Crawled caption data:
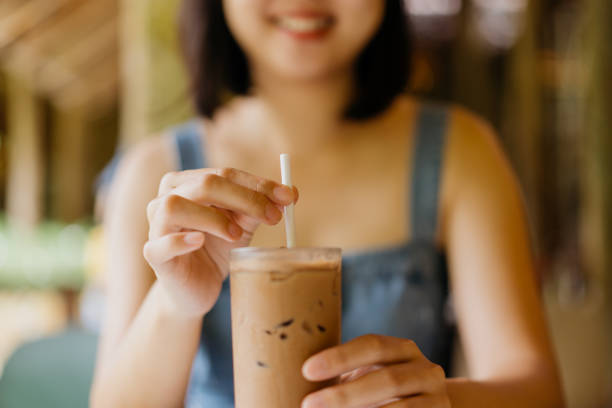 istock Woman drinking with a paper straw 1405572752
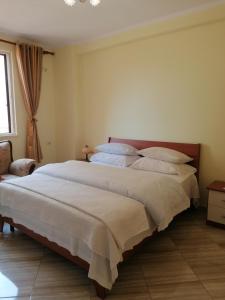 a bedroom with a large bed with white sheets at Holiday Center Apartment in Shkodër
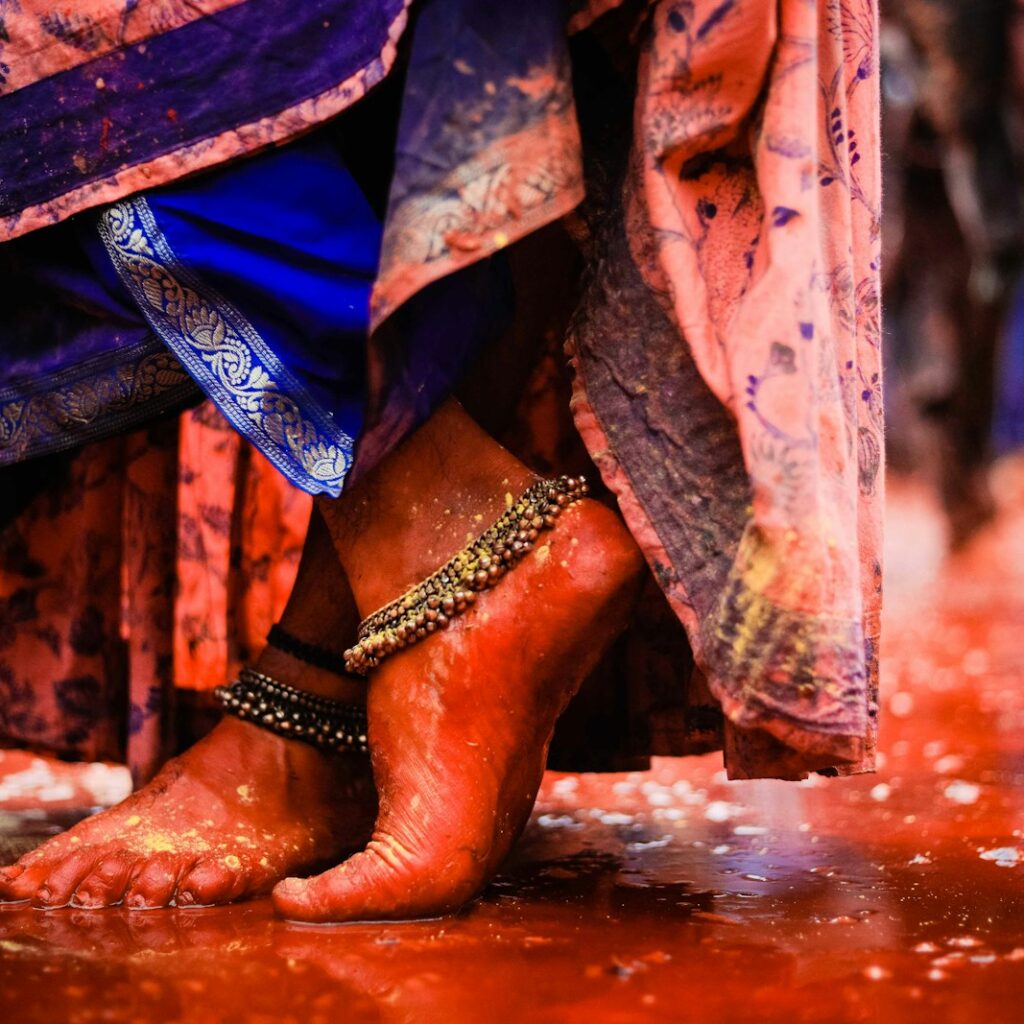 person wearing brown leather boots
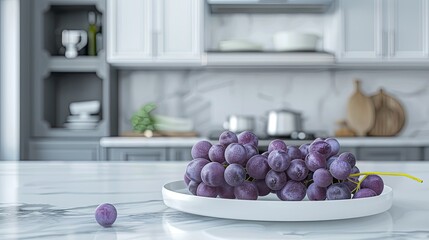A handful of purple grapes on a clean white plate, with a modern kitchen setting in the background.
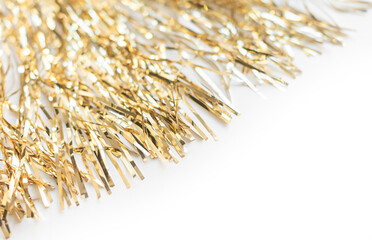 Golden tinsel on a white background. Christmas and New Year holiday concept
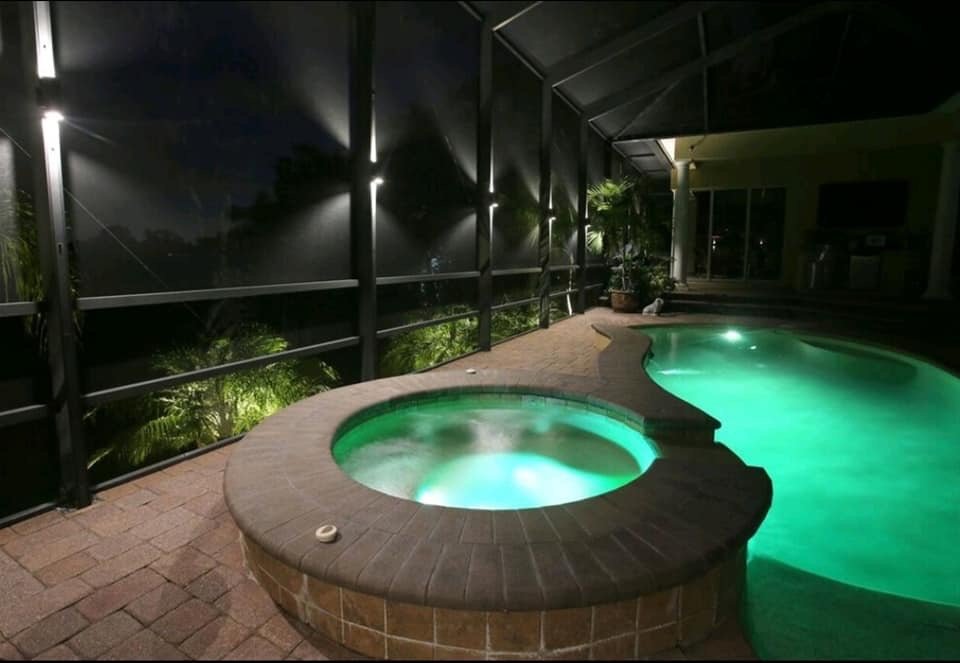 Enclosed swimming pool and hot tub area, night, illuminated with green lights, patio, and tropical plants.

WORK REQUIRED: With the pictures excluded, retype the records above verbatim.

WRITTEN ANSWER:
 istock Woman drinking with a paper straw 1405572752
 a bedroom with a large bed with white sheets at Holiday Center Apartment in Shkodër
 person wearing brown leather boots
A handful of purple grapes on a clean white plate, with a modern kitchen setting in the background.
 Golden tinsel on a white background. Christmas and New Year holiday concept
 Enclosed swimming pool and hot tub area, night, illuminated with green lights, patio, and tropical plants.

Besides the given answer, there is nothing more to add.